The Curvature of Plane Polar Curves
The Curvature of Plane Polar Curves
The following theorem will give us a method of obtaining the curvature of a plane polar curve $r = f(\theta)$ at a point $(r, \theta)$.
| Theorem 1: Suppose that $r = f(\theta)$ is a plane polar curve. Then the curvature at $(r, \theta)$ is given by the formula $\kappa (\theta) = \frac{\mid 2 (f'(\theta))^2 + (f(\theta))^2 - f(\theta)f''(\theta) \mid}{\left [(f'(\theta))^2 + (f(\theta))^2 \right ]^{3/2}}$. |
- Proof: Let $r = f(\theta)$ be a plane polar curve. This curve can be parameterized as $\vec{r}(\theta) = (r \cos \theta, r \sin \theta, 0) = (f(\theta) \cos \theta, f(\theta) \sin \theta, 0)$. To prove Theorem 1, we will compute the necessary components and plug them into the formula for curvature.

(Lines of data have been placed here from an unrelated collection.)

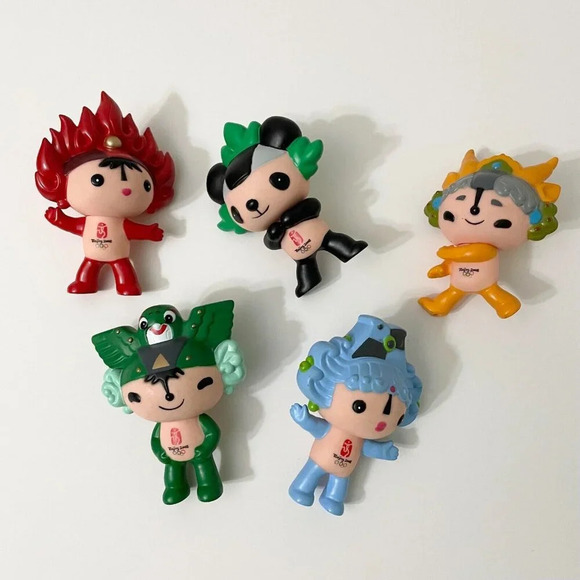 2008 Set of 5 Beijing Summer Olympics Vinyl  Figures Mascots 3.5 Inch Tall - Picture 1 of 16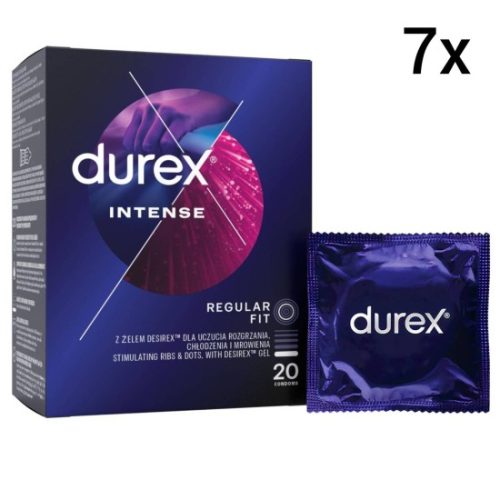 Durex Intense Orgasmic – vroubkované kondomy (140 ks)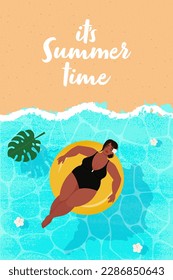 Attractive chubby woman on an inflatable circle in the sea. Vector illustration in flat style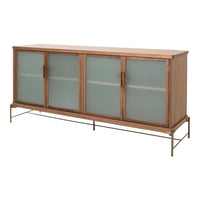 Light wood sideboard with frosted glass doors and a sleek metal frame, showcasing modern and versatile design.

- We first compute $\vec{r'}(\theta)$ as:
\begin{align} \quad \vec{r'}(\theta) = (-f(\theta) \sin \theta + f'(\theta) \cos \theta, f(\theta)\cos \theta + f'(\theta)\sin \theta, 0 ) \end{align}
- We then compute $\vec{r''}(\theta)$ as:
\begin{align} \quad \vec{r''}(\theta) = (-f(\theta)\cos(\theta) -f'(\theta)\sin \theta - f'(\theta) \sin \theta + f''(\theta)\cos \theta, -f(\theta)\sin \theta + f'(\theta)\cos \theta + f'(\theta)\cos (\theta) + f''(\theta) \sin \theta, 0) \\ \quad \vec{r''}(\theta) = (f''(\theta) \cos \theta - 2f'(\theta)\sin \theta - f(\theta) \cos \theta, f''(\theta)\sin \theta + 2f'(\theta) \cos \theta - f(\theta) \sin \theta, 0) \end{align}
- We now compute the cross product $\vec{r'}(\theta) \times \vec{r''}(\theta)$ as follows:
\begin{align} \quad \vec{r'}(\theta) \times \vec{r''}(\theta) = \begin{vmatrix} \vec{i} & \vec{j} & \vec{k} \\ -f(\theta)\sin \theta + f'(\theta)\cos \theta & f(\theta) \cos \theta + f'(\theta) \sin \theta & 0\\ f''(\theta) \cos \theta - 2f'(\theta)\sin \theta - f(\theta) \cos \theta & f''(\theta)\sin \theta + 2f'(\theta) \cos \theta - f(\theta) \sin \theta & 0 \end{vmatrix} = (0, 0, 2(f'(\theta))^2 + (f(\theta))^2 - f(\theta)f''(\theta)) \end{align}
- Therefore we have that $\| \vec{r'}(\theta) \times \vec{r''}(\theta) \|$ is:
\begin{align} \quad \| \vec{r'}(\theta) \times \vec{r''}(\theta) \| = \sqrt{ \left [ 2(f'(\theta))^2 + (f(\theta))^2 - f(\theta)f''(\theta) \right ]^2} = \mid 2(f'(\theta))^2 + (f(\theta))^2 - f(\theta)f''(\theta) \mid \end{align}
- Lastly we compute $\| \vec{r'}(\theta) \|$ as:
\begin{align} \quad \| \vec{r'}(\theta) \| = \sqrt{(f'(\theta))^2 + (f(\theta))^2} = \left [ (f'(\theta))^2 + (f(\theta))^2 \right]^{1/2} \end{align}
- Now we will plug $\| \vec{r'}(\theta) \times \vec{r''}(\theta) \|$ and $\| \vec{r'} (\theta) \|$ into the formula for curvature, $\kappa (\theta) = \frac{\| \vec{r'}(\theta) \times \vec{r''}(\theta) \|}{\| \vec{r'}(\theta) \|^{3}}$ to get that:
\begin{align} \quad \kappa (\theta) = \frac{\mid 2(f'(\theta))^2 + (f(\theta))^2 - f(\theta)f''(\theta) \mid}{\left [ (f'(\theta))^2 + (f(\theta))^2 \right]^{3/2}} \quad \blacksquare \end{align}
Let's look at an example of applying Theorem 1.
Example 1
Find the curvature of $f(\theta) = \sin \theta$ at any point on the curve.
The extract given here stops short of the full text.